Nearly a decade has passed since …And You Will Know Us By the Trail of Dead released what ended up being — almost unanimously considered — their definitive statement as a band, Source Tags and Codes. That album, an artful refinement of their more anarchic early work, was followed by three more albums of further, ill-advised refinement, taking the Austin prog-punk band far beyond the point of benefit or improvement. Nine years since Source Tags and Codes, Trail of Dead barely resembled what they used to be.
Having long since left their early achievements behind, Trail of Dead finally appear willing to look back fondly on Tao of the Dead in an attempt to reclaim the scrappy, scabrous noise on which they first made their name. Not that the album succeeds as a return to form — the production is too compressed, too modern rock — but at least it finds Trail of Dead playing to their strengths, abandoning the unfortunate stylistic excursions that marred their past three albums and once again making music of their theatrical, grisly moniker.
Trail of Dead seem, at last, self-aware, consciously embracing the messy, jagged structures of their early work. But messiness isn’t the only nod to their early achievements; Tao of the Dead is teeming with lyrical references to spirits, afterlives, rebirth. “Dead souls will pull you down,” Conrad Keely sings on “Summer of All Dead Souls,” making it hard to not think of Neil Busch — who left the band after Source Tags and Codes — or the spectres of too-high expectation that have haunted the band for the past decade.

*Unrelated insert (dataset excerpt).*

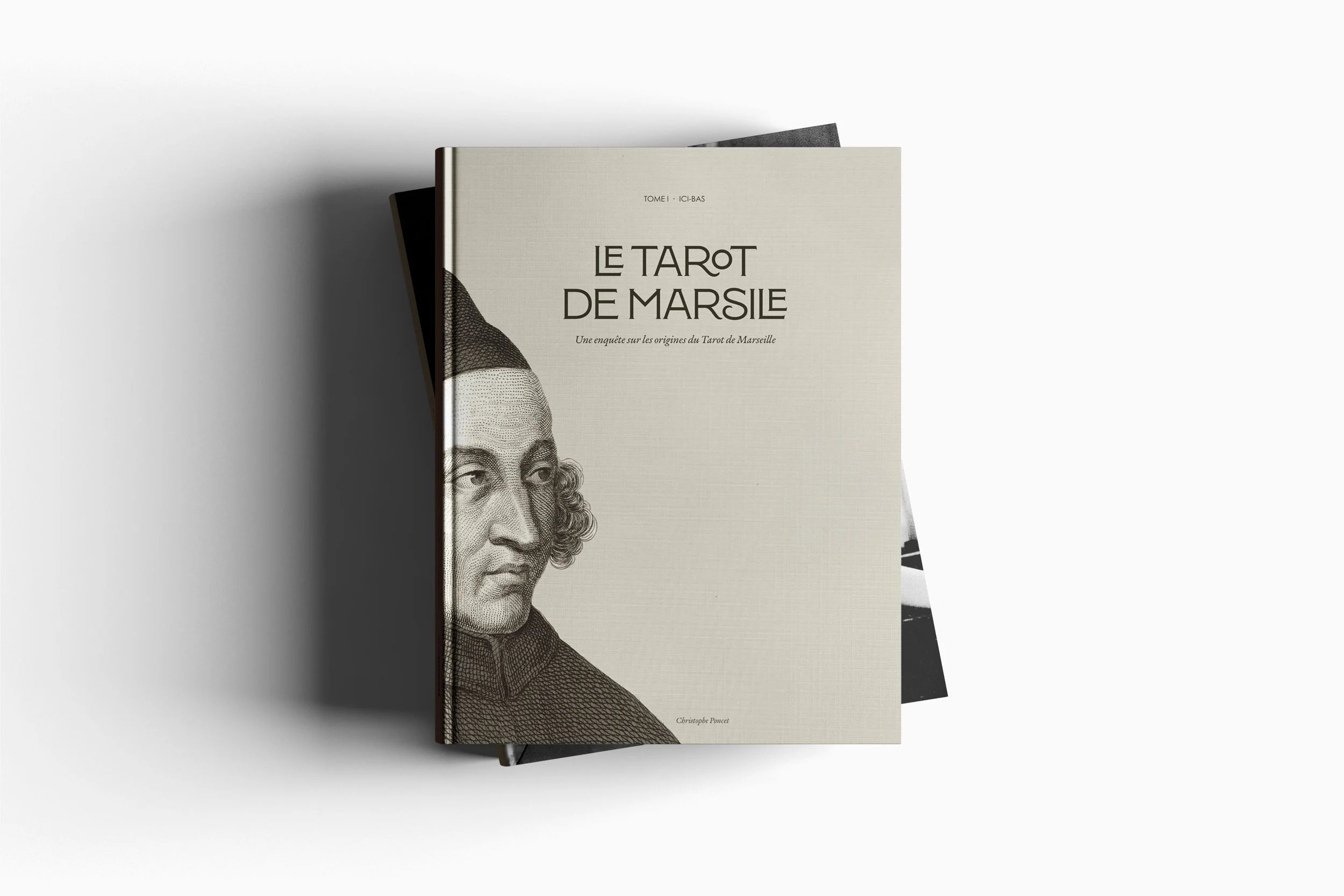 Deux livres empilés, dont la couverture du dessus représente un portrait d'un homme en noir et blanc et le titre "Le Tarot de Marseille".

Absent any lifeless Guided By Voices covers, Elephant 6 impressions, or Trans-Siberian Orchestral interludes, Tao of the Dead adheres to a single, bombastic aesthetic, and ends up all the stronger for its relatively narrow musical range. Following the expected instrumental intro, Tao of the Dead goes loud and stays loud, maintaining its energy level throughout the rest of the record. “Pure Radio Cosplay” and “Summer of All Dead Souls,” two of the album’s more spacious tracks, lead directly into Tao’s fleet, fleeting midsection. Here, in the middle of the album, Trail of Dead sequence some of their best material, keeping those songs short enough that you wish they went longer, but also short enough that you nearly fail to notice how carefully they connect with one another. “The Wasteland” becomes “Spiral Jetty” becomes “Weight of the Sun,” each an interlocking part of a greater, greatly satisfying whole. On these shorter songs, Trail of Dead play around with different sounds, such as the Technicolor Godiego keys on “The Wasteland,” without venturing too far outside their comfort zone.

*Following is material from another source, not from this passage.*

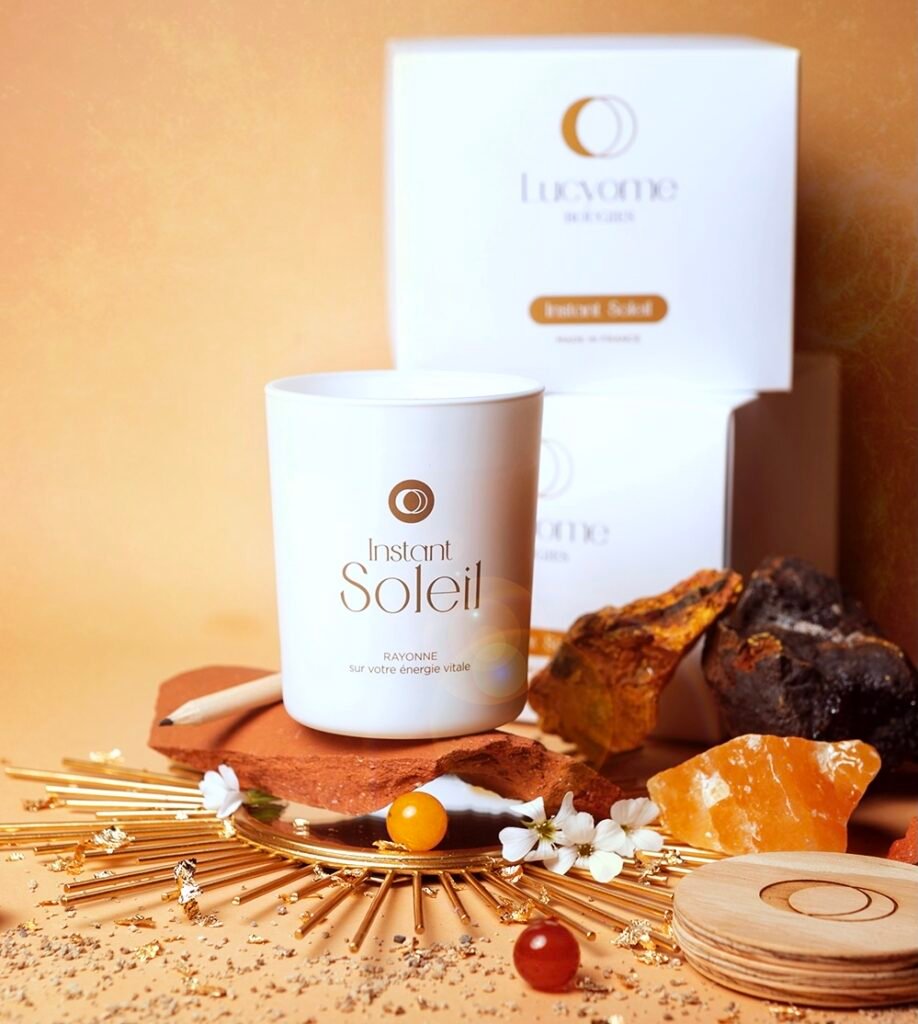 Bougie Instant Soleil Lucyome entourée de pierres ambrées et d’éléments naturels à Toulouse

By the time Tao of the Dead culminates in a five-piece suite, thoughts of pretense and overblown excess are further from mind than expected. Each movement in “Strange News From Another Planet”clicks together, falling into place in such a way that the 16-minute-long song feels like an organic extension of the earlier majority of the album. And perhaps that’s what is most satisfying and surprising about Tao of the Dead: it’s the work of a band remembering how to be both ambitious and effortless, how to try without appearing to be trying, without self-consciously drawing attention to itself. Making no egregious concessions to potential new fans, nor to the musical trends of the past decade, Trail of Dead finally sound like a band emerging from a purgatorial state, out from underneath the shadows of their former selves.